Do you ever feel like you don’t get enough sleep? If you answered yes, don’t worry, you’re not alone!
Nearly HALF of Americans are right there with you. In March of 2013, the Centers for Disease Control (CDC) confirmed that insufficient sleep has become a public health epidemic.
Some common excuses for not getting enough sleep are:
- I have to work when I get home since I don’t have enough time to get everything done during the day.
- I just can’t shut my mind off because I am so stressed out.
- My partner snores, and sleeps like a starfish.
- I use late hours to catch up on adulting once my kids are asleep.
- I need to beat this last level of candy crush before I can go to bed.
The list goes on, but chances are you can already relate to one of these excuses.
You may not know this, but insufficient sleep can contribute to the following:
- Poor health
- More pain
- Increased risk for injury
- Decreased immunity
- Mental distraction
- Aging skin
- Obesity or weight gain
- Less sex
- More disagreements
- Relationship dissatisfaction
SO, what can YOU do to fix or prevent these from happening?
- Look at your mattress! It’s really hard to get good sleep if you aren’t comfortable on your mattress. Firm or thick? Everyone is different! Just like a car shopping, you might have to test a few options before you find what is right for you.

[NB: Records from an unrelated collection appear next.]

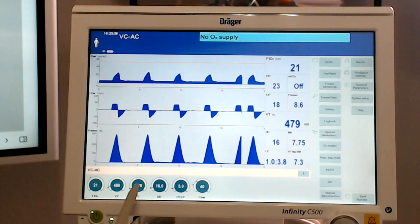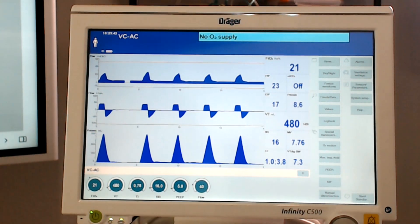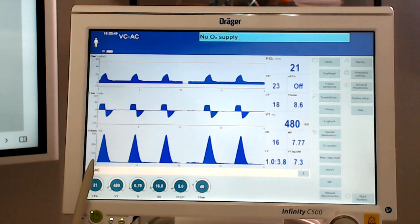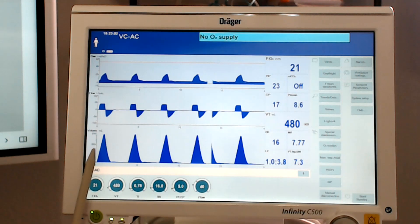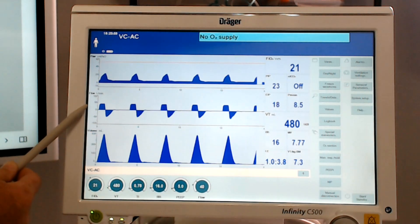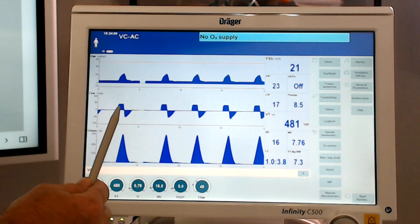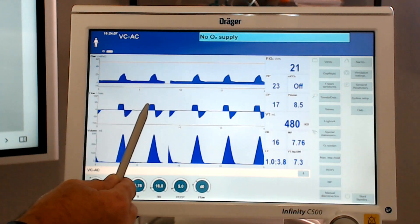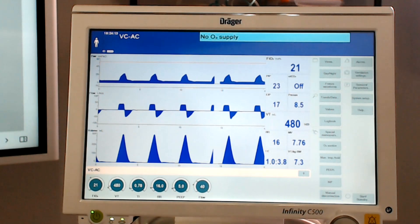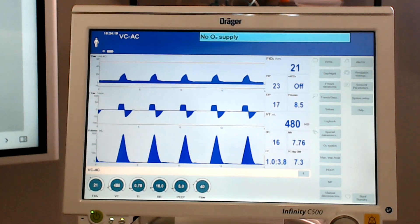Now we can change this inspiratory time — we can make it longer or shorter. Making it longer would add an inspiratory pause, but we'll talk about that in another video. For right now, I just want you to recognize that we are set on 480 mLs. Our volume waveform shows that volume is coming up just under the 500 mark and then falls back to baseline. When we look at our flow waveform, we see that we have a square pattern on the inspiratory phase — a square flow pattern happening during all inspiratory phases. This is also known as a constant flow pattern. You may hear it called square waveform or constant flow waveform — they mean the same thing.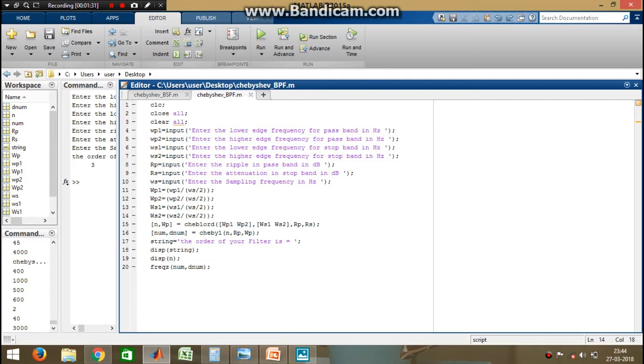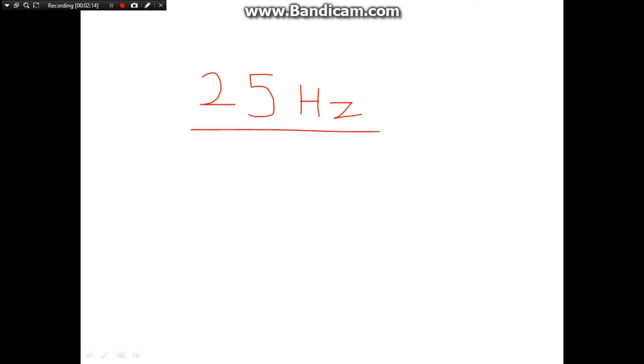These four lines normalize all the frequencies entered by the user. In normalization, for example, if we want to normalize a frequency of 25 Hz, we divide 25 Hz by the maximum frequency present in the signal.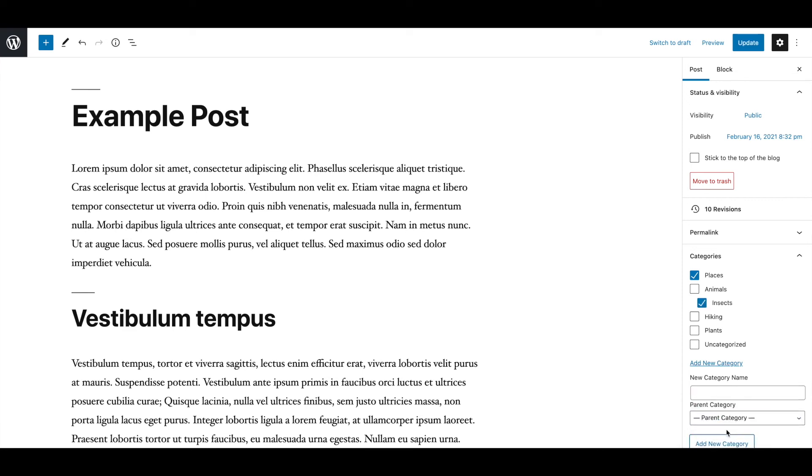To assign a post to a category, just select the relevant category from the list in the editor options menu. Then save or update your post.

When purchasing a new mattress, it is good to check what the return policy is. A mattress that feels comfortable in the store might not feel comfortable when sleeping on it every night.
- To dampen the disruption from your partner, try earplugs and a (large) pillow shoved between you and the thrashing sleeper next to you. Both will deaden the noise, but the pillow can also help reduce the amount of jostling you feel.
- STOP using your phones and tablets right before bed! Research shows that blue light (found in these devices) makes you more alert and suppresses your melatonin, thus hurting your quality of sleep.
- Last but not least, find a comfortable sleeping position that won’t stress your spine out.
To all the stomach sleepers out there, this is the least ideal position for someone with neck pain. Sleeping with your head to the side can increase muscle tightness which decreases range of motion. You might also experience airway restriction when the head is turned to one side. Stomach sleepers might think about using a very thin or even no pillow to avoid pushing the head into extension as well as placing a pillow under your hips to help reduce the compression on your low back.
If you are a back sleeper, make sure your pillow isn’t too thick. Thick pillows can raise your head too far toward your chest, shortening the neck muscles, which can lead to forward head posture and increased stress on the spine. Also, putting a pillow under your knees helps to maintain the natural curves in your spine, taking pressure off the low back.
Side sleepers, you should be sleeping with your spine straight, in a neutral position. Use a pillow that is roughly the same thickness as the width between your head and the end of your shoulder. Also, place a medium thickness pillow between your knees and ankles so they are not touching. This will help to decrease stress in the hips, which helps to keep the spine in a neutral position.
Well, there you have it! Good luck and sweet dreams!